Friday, July 27, 2012

Veggie Enchiladas
























Serves: 3

Ingredients:
12 corn tortillas, minimal ingredients and preservative free
Mexican Blend Cheese
Homemade Black Beans
Homemade JalapeƱos
 1 can of La Victoria Enchilada Sauce
1 Green, Yellow or Red Bellpepper, finely diced
1 Small Squash, finely diced
1/2 large Yellow Onion, finely diced
5-6 Button Mushrooms, finely diced
Frozen Roasted Corn
Salt, to taste
Black Pepper, to taste
Salsa
Sour Cream
Homemade Guacamole

Preparation:
1. Prepare the vegetable mixture as follows - warm cooking oil in an iron skillet. When warm, add onions. Let the onions cook for 1 minute, then add squash, Bellpepper, Frozen Corn and mushrooms. Allow them to cook until the are soft, yet slightly crunchy. Add salt and black pepper to taste.

 2. Do not prepare the enchiladas until you are ready to eat, otherwise the Enchilada sauce will become dry.

 3. Place a layer of enchilada sauce on the bottom of the baking pan.

4. When ready, warm the oven to 350 degrees. Place some oil on a pan and warm one tortilla at a time until soft. Transfer the tortilla onto a plate. Add a small amount of cheese, beans and the vegetable mixture.
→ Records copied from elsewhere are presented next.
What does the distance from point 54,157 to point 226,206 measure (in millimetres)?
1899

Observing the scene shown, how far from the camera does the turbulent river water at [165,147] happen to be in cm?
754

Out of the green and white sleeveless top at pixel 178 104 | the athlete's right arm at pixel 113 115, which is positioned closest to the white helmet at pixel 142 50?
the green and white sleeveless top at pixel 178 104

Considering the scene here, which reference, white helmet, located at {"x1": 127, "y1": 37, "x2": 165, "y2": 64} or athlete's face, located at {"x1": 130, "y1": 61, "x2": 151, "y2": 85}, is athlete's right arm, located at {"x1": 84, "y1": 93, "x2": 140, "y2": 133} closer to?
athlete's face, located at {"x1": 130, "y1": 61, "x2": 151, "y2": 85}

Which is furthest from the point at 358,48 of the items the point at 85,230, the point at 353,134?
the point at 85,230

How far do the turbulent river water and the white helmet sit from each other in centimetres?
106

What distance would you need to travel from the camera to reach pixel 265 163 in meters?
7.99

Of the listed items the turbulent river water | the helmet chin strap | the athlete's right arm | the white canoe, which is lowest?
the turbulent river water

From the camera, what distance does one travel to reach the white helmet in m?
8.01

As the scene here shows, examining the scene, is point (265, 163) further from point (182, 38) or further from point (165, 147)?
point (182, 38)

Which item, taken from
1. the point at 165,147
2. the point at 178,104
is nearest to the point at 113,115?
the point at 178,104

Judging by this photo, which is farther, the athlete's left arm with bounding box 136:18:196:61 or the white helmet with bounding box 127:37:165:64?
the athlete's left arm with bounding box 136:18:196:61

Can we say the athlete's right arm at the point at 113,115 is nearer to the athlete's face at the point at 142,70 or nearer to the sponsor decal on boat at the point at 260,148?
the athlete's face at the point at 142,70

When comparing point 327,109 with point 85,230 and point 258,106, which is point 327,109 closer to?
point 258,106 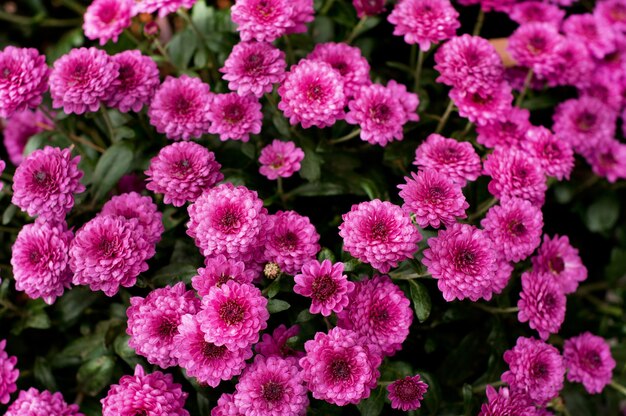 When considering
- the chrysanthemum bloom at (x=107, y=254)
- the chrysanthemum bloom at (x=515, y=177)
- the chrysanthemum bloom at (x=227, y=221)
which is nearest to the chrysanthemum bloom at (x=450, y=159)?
the chrysanthemum bloom at (x=515, y=177)

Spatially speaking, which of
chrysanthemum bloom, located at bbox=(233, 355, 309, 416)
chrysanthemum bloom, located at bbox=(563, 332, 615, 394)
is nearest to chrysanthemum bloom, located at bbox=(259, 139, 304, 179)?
chrysanthemum bloom, located at bbox=(233, 355, 309, 416)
Roll the tortilla closed and place in the baking pan. Repeat this with all 12 tortillas, or however many will fit in the baking tray.

 5. Place enchilada sauce over all the rolled tortillas until they are completely covered with sauce, do not leave any area uncovered or it will get too dry.

 6. Top with cheese and any remaining veggie mixture and/or beans. 

7. Bake at 350 temperature for 15-20 minutes. Serve warm with guacamole, beans, salsa and sour cream!